At Harper’s bond hearing, K.M. denied that she had been assaulted, but that she and Harper had argued. She also said she had lied to police. Her testimony, however, was very much at odds with the forensic evidence. Harper was eventually charged with several offenses arising from the assault and also with inducing K.M. to give false evidence.


At trial, K.M. revised her testimony from the bond hearing, admitting that Harper pushed her off the bed and against a wall and struck her. She admitted that the phone conversations with Harper “contributed” to her decision to perjure herself at the bond hearing.


Harper argued that he did not induce K.M. to commit perjury because her testimony at the bond hearing did not fully exonerate him because she had shown up at the hearing and had not said that he “didn’t do anything” to her. The circuit court did not agree and neither does the Court of Appeals.

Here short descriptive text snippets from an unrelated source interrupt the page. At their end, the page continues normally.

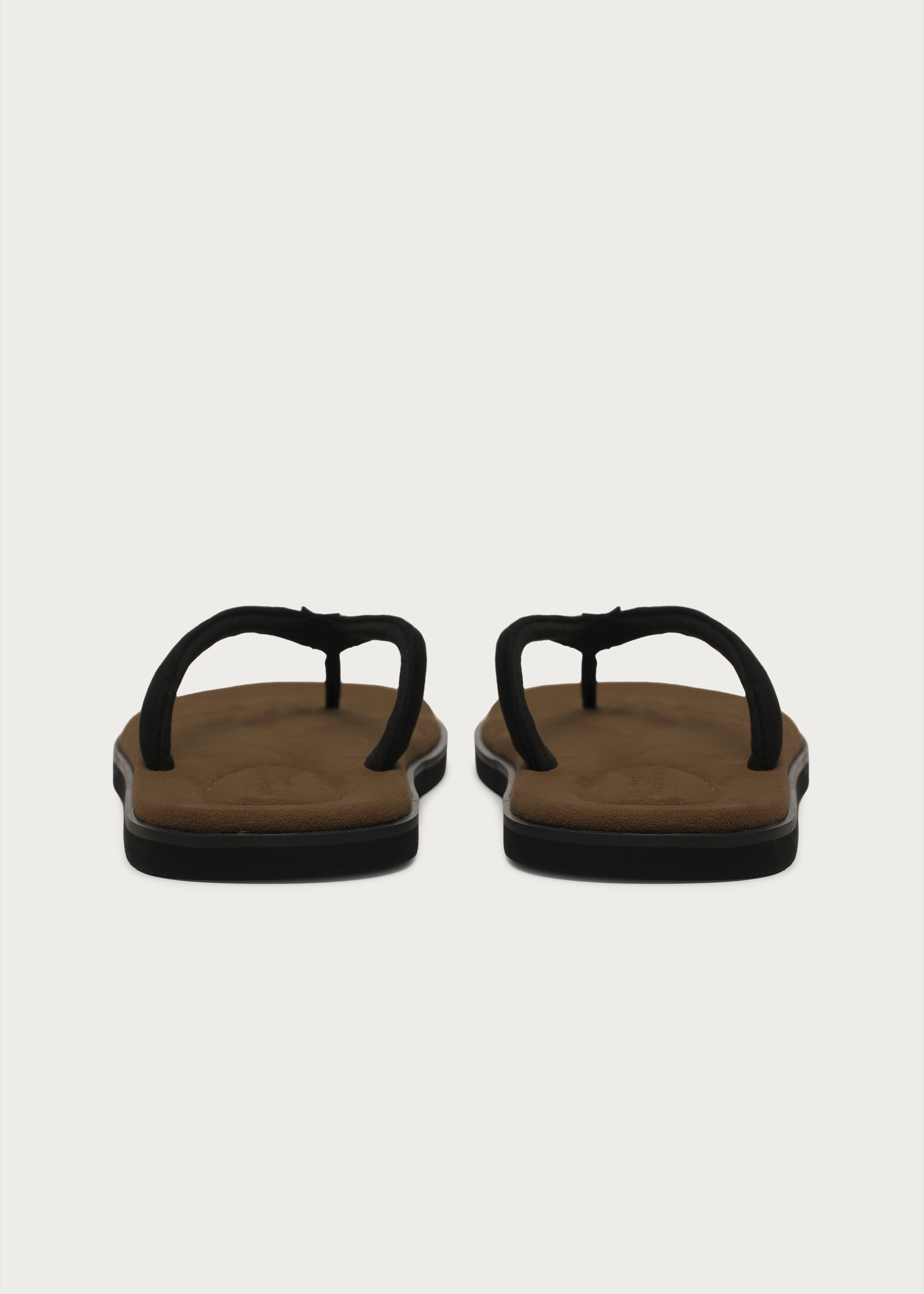 TerraHome Suede Flip-Flops Brown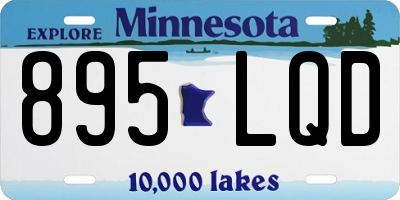 MN license plate 895LQD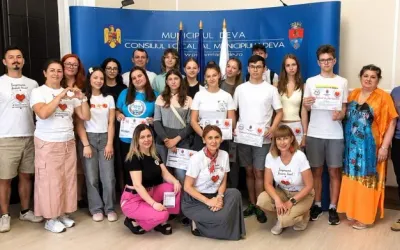 Atelier practic de prim ajutor pentru Consiliul Copiilor Deveni, organizat de Primăria Deva în parteneriat cu Asociația „Inimi Generoase”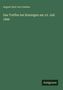 August Karl von Goeben: Das Treffen bei Kissingen am 10. Juli 1866, Buch, Buch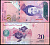 Венесуэла 20 боливаров 2009 3 сентября 2009, Луиза Касерес де Арисменди Pick 91 d бумага UNC (пресс) 2196-43-1-1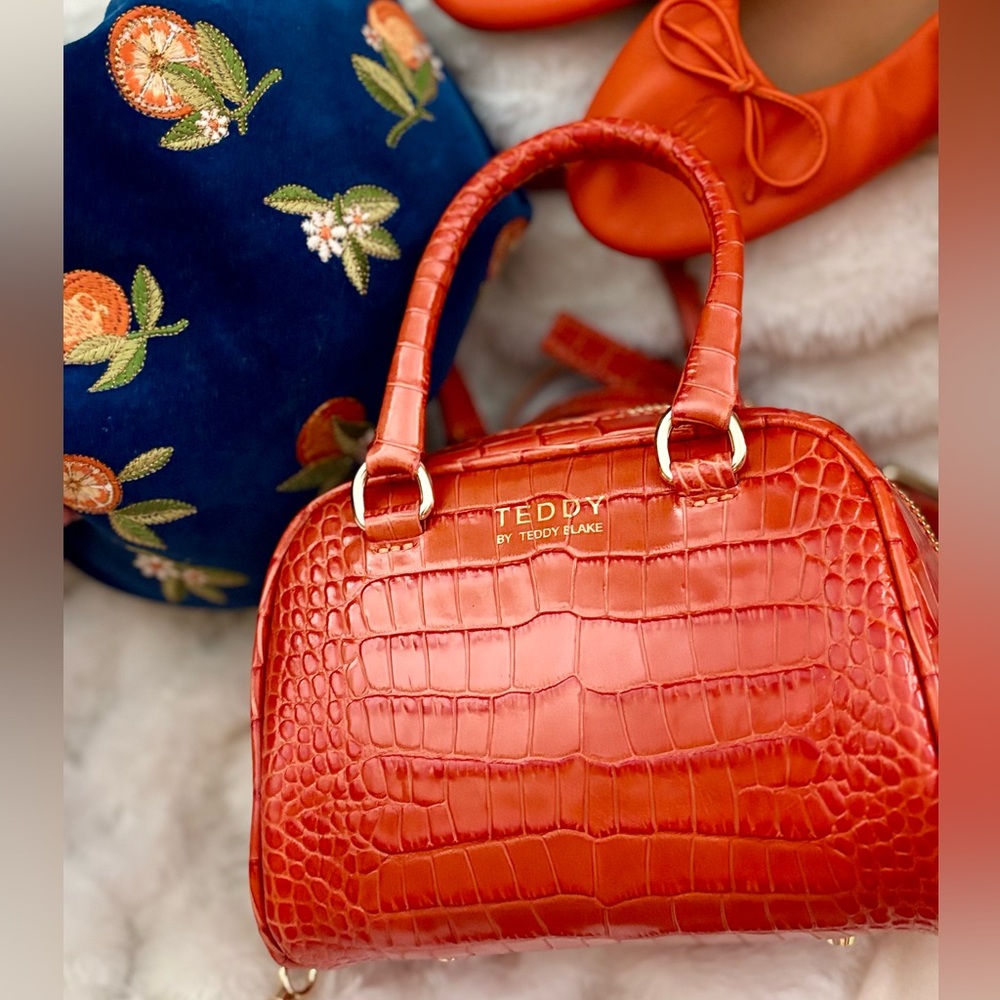 Teddy by Teddy Blake Orange Satchel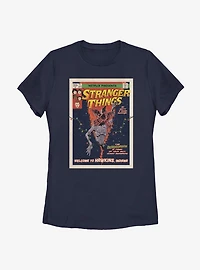 Stranger Things Comic Cover Womens T-Shirt
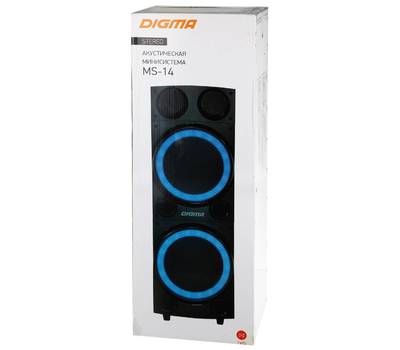 Музыкальный центр DIGMA MS-14 черный 600Вт FM USB BT micro SD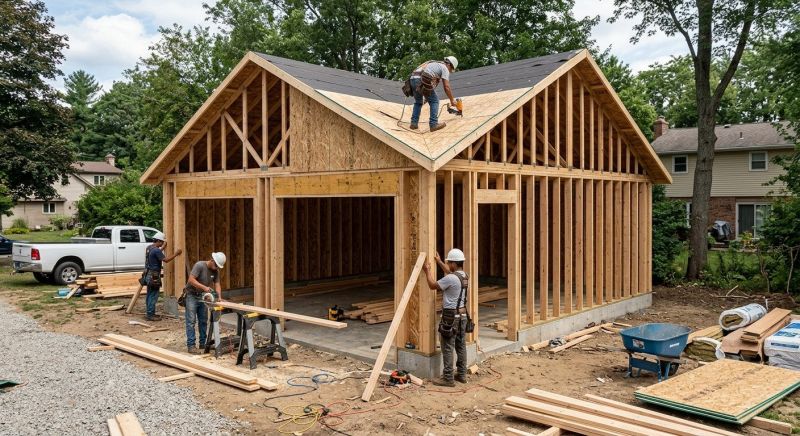 Detached Garage Construction in Charleston, SC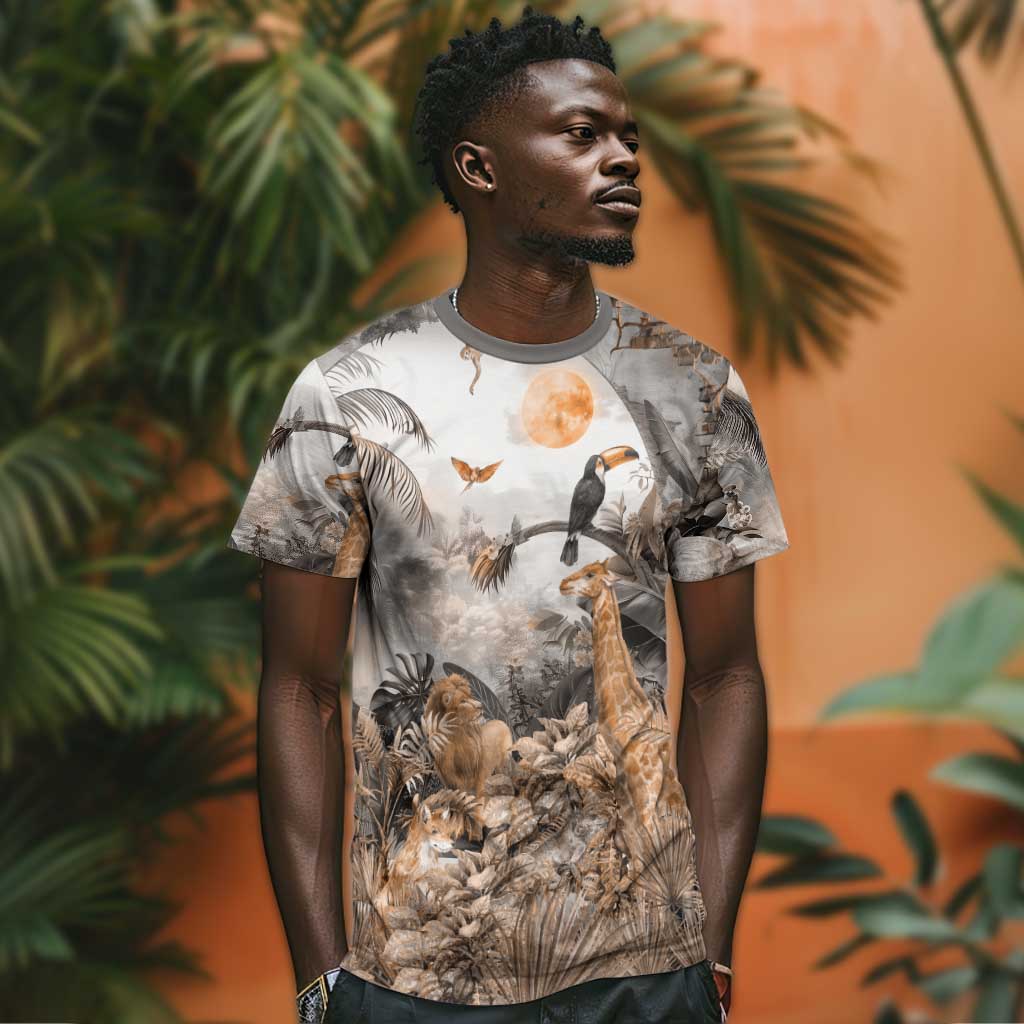 Afro Safari Animals T shirt LT18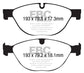 EBC 13+ Jaguar F-Type (Cast Iron Only) 3.0 Supercharged (380) Perf Pkg Redstuff Front Brake Pads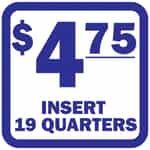 15161 Insert 19 Quarters Blue and White Decal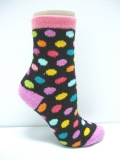 indoor polka dots sleep warm socks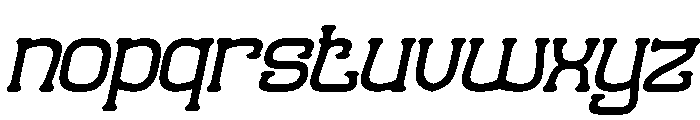 Kasih & Sayang Bold Italic Font LOWERCASE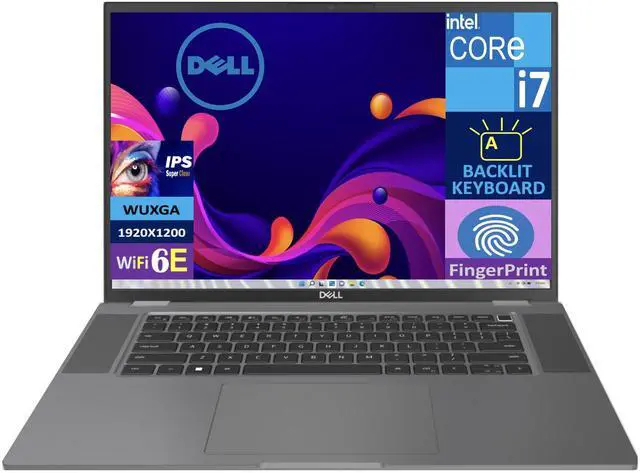 Main image of Dell Latitude 7640 Business Laptop 16.0" IPS WUXGA Display (Intel i7-1365U, 32GB LPDDR5, 256GB SSD, Intel Iris Xe, Backlit KB, Fingerprint, 2 Thunderbolt 4, WiFi 6E, Webcam, Bluetooth 5.3, Win 11 Pro)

In an opinion by Judge Humprheys joined by Judges Huff and AtLee, the Court finds that K.M.’s testimony at the bond hearing was false and that it was induced by Harper’s statements in the jail calls. It is not necessary for the defendant to “script” the false testimony for the perjuring witness, or even that the witness testifies as the defendant wants. Rather, it is enough to show that the witness testified falsely because of the actions of the defendant. Harper also challenge a conviction for failure to appear, but the Court found that his argument was not properly preserved in the trial court.